With only days to go until the election, housing seems to be at the top of the agenda for the political parties as they battle it out for Downing Street. Just this weekend Labour have announced two major proposals focused both on the lettings and sales market in the hope to tempt younger voters onto their side.
Firstly, Ed Miliband announced they would impose rent controls should they come into power, which would mean that landlords will only be able to increase rent for tenants by less than inflation for the duration of a contract. The party have already stated in their manifesto that it wants three-year tenancies as standard. They say that they are proposing these policies to help provide security for renters and help to keep the rentals affordable, which, on the face of it, is likely to appeal to millions of tenants around the country and particularly in London.
But how likely is that rent controls will provide this? Winkworth’s Chairman, Simon Agace, says that the reality of rent controls is far from the picture of security and control that Labour paints. “I started my career in the property world as a chartered surveyor in the late 1960s when I witnessed the ending of rental controls, which healed the damage done on the provision of homes and improved the quality of property in London. I therefore note the current climate with a certain degree of anxiety for the home-buying public,” he comments.

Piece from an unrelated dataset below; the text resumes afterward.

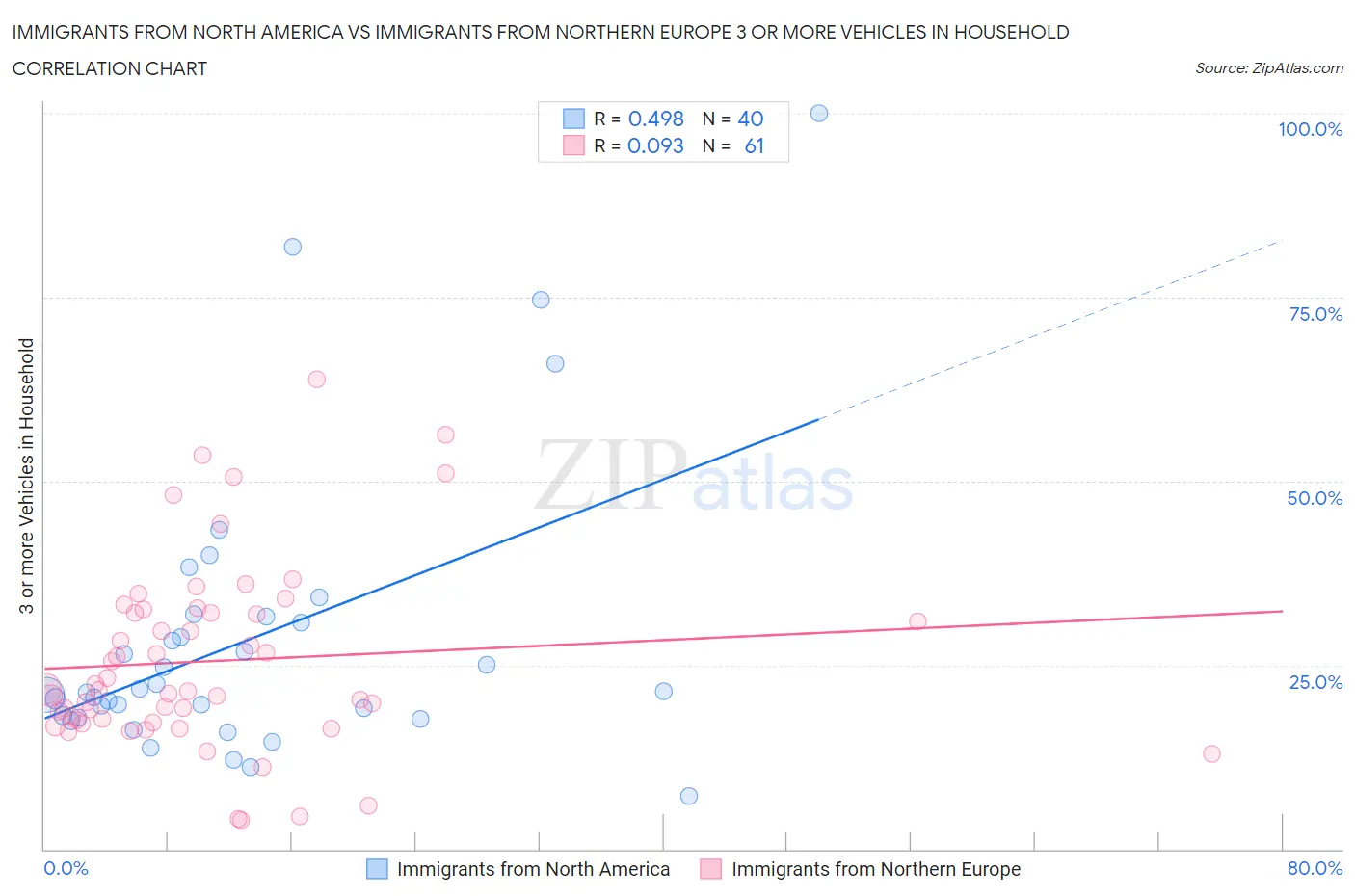 Immigrants from North America vs Immigrants from Northern Europe 3 or more Vehicles in Household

“The rental market has changed for the better as a result of some excellent regulation, but there is a delicate balance between regulation and altering the relationship between tenant and landlord. Intervention on rents and security of tenure has in the past damaged both market liquidity and good business values.”
Conservatives agree with this view, arguing that the policy would drive up rents and extinguish investment in the sector leading to poorer quality housing and fewer properties to rent.

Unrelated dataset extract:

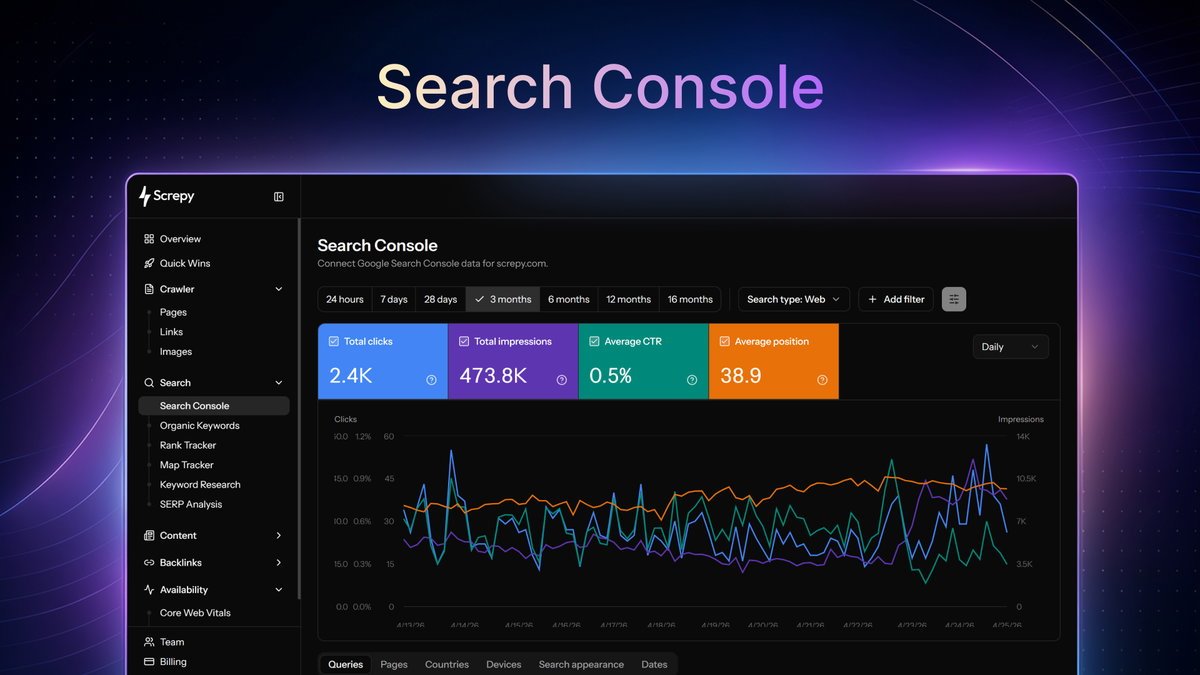 Screpy Google Search Console insights dashboard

For the sales market, however, Labour has proposed to abolish stamp duty for first time buyers of properties up to the value of £300,000, which at its maximum could save them £5000 in fees. “It is simply too expensive for so many young people to buy a home today, saving up for the deposit, paying the fees and having enough left over for the stamp duty,” stated Ed Miliband, “So we are going to act so we can transform the opportunities for young working people.”
With stamp duty already receiving a huge overhaul at the end of last year under the Conservatives, which helped a large section of the market, this latest reform would only serve to help this end of the market further.
Labour isn’t the only party looking to appeal to this end of the housing market though. The Conservatives have already announced their Help to Buy ISAs following the introduction of their Help to Buy policy in 2013. Help to Buy ISAs will allow first time buyers to save for a deposit and will be granted 25p by the government for every £1 saved.
So, housing is a hot topic on the agenda this election and seems to be the issue that is distinguishing the different parties as we move towards polling day.